_Your objective_
In the entries that follow, the lines from the one with "Picard Carpenters' Roofing" through the one with "ROYAL DRAGON HOTEL" are the ones to write out, exactly and with both ends included. Nothing else should appear.

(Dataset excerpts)
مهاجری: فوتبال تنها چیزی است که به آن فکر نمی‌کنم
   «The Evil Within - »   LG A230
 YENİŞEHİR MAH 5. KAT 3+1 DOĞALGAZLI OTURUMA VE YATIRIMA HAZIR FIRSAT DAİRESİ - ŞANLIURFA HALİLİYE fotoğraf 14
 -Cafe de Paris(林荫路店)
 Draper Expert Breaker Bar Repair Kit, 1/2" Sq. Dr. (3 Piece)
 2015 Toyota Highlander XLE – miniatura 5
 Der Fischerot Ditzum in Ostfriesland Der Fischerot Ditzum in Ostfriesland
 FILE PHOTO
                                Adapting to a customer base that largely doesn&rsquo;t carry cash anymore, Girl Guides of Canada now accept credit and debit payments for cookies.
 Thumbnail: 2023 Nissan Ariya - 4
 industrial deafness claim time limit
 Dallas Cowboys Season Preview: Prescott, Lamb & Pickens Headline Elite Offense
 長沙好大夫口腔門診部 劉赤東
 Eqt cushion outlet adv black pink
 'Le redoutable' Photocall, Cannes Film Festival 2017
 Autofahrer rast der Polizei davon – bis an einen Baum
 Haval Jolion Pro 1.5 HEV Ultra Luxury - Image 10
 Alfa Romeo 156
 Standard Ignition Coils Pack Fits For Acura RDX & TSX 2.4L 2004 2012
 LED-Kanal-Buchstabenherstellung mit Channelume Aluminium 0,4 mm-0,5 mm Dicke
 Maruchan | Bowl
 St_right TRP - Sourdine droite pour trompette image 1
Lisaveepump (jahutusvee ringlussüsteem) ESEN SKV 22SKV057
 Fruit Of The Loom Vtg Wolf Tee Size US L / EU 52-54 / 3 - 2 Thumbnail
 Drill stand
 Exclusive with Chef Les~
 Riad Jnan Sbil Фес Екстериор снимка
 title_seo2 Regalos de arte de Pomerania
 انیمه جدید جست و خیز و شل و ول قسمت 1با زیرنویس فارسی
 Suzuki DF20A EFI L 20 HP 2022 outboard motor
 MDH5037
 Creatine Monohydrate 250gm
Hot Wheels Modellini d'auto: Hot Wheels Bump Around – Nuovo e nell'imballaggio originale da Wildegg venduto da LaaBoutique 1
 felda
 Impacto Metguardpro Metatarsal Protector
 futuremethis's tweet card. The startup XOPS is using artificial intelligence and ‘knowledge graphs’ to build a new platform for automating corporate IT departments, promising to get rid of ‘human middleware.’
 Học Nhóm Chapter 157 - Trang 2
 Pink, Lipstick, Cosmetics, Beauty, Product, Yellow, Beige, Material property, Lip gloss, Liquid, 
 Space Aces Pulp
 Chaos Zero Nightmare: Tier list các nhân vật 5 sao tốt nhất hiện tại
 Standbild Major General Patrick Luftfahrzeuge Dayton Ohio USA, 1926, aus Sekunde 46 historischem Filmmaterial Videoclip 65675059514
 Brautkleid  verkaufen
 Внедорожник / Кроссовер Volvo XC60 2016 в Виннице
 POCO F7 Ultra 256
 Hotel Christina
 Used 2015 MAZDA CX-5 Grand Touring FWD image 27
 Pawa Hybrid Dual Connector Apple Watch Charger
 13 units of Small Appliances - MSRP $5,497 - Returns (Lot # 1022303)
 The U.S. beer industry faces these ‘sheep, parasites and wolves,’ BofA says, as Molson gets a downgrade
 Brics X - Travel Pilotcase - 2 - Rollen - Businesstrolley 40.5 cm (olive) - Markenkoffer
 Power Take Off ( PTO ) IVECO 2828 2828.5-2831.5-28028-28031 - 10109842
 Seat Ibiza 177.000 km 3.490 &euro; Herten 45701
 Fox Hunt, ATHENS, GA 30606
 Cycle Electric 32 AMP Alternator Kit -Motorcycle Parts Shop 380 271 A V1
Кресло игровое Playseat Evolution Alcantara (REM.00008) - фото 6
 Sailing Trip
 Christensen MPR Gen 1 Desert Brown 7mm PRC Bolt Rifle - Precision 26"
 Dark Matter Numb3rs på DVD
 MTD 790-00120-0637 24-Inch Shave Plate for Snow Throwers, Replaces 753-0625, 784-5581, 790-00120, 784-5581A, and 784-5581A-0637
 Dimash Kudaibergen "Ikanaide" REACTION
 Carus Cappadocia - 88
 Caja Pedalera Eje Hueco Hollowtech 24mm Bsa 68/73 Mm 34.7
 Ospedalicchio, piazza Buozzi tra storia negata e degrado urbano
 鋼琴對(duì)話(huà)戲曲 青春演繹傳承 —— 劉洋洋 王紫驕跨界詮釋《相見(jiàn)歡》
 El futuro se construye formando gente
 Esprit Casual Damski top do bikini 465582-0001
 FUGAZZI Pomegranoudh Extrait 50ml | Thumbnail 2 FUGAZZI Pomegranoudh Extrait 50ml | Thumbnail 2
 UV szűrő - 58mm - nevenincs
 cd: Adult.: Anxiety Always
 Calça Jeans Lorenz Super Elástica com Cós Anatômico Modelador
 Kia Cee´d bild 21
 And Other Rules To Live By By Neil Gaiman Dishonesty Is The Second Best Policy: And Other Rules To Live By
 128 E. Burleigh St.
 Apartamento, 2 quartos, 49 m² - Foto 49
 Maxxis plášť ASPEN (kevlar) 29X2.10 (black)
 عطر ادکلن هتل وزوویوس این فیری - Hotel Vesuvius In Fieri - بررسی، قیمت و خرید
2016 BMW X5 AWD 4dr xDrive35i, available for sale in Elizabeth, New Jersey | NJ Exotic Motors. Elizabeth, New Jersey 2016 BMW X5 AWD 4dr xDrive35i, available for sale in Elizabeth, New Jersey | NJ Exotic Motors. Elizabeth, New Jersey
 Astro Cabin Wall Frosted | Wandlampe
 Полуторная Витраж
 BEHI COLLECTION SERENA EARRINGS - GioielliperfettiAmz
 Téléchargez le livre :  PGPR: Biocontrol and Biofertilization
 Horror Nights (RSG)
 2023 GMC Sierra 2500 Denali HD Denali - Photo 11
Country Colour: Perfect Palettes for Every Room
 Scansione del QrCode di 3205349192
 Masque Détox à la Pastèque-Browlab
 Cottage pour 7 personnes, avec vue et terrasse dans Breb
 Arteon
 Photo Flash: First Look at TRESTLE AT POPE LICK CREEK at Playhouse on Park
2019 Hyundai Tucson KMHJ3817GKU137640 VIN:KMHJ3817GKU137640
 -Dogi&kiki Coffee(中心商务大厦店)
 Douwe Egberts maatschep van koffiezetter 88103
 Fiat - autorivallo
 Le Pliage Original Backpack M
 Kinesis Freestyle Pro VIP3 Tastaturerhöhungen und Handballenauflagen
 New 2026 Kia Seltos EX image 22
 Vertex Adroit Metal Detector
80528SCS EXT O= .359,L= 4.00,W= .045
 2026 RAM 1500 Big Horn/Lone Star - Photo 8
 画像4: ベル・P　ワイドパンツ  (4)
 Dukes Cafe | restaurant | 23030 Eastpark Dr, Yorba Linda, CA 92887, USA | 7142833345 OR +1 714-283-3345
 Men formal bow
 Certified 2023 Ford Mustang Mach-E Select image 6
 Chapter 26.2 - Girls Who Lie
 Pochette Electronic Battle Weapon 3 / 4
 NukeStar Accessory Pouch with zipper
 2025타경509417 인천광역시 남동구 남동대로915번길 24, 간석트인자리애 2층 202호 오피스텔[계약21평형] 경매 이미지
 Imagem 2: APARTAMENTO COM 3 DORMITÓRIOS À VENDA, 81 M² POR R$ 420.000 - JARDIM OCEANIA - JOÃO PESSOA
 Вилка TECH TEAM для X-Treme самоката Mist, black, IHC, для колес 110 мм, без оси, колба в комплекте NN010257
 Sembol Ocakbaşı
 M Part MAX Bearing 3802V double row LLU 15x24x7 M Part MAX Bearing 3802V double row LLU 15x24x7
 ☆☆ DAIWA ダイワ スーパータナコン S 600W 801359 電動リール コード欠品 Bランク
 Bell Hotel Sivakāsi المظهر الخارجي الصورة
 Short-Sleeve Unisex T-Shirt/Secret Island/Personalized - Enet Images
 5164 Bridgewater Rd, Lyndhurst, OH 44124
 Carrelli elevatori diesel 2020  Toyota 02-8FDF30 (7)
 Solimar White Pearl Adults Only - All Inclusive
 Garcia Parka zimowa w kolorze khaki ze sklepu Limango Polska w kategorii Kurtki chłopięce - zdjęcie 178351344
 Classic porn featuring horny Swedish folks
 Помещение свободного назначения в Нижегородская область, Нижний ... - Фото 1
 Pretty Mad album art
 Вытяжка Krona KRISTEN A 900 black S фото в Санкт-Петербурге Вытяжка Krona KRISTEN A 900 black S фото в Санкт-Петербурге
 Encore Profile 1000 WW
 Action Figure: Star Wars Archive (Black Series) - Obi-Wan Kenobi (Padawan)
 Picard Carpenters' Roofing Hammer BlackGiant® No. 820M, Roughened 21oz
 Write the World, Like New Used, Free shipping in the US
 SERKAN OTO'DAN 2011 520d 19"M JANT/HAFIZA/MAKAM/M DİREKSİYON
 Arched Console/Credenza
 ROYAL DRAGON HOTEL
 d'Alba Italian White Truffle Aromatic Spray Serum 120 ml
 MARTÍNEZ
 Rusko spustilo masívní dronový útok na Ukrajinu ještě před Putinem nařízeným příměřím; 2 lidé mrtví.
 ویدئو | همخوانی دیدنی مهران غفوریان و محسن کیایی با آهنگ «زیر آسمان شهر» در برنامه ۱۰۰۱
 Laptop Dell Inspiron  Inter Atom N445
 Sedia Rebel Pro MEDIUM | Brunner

_Response area_
 Picard Carpenters' Roofing Hammer BlackGiant® No. 820M, Roughened 21oz
 Write the World, Like New Used, Free shipping in the US
 SERKAN OTO'DAN 2011 520d 19"M JANT/HAFIZA/MAKAM/M DİREKSİYON
 Arched Console/Credenza
 ROYAL DRAGON HOTEL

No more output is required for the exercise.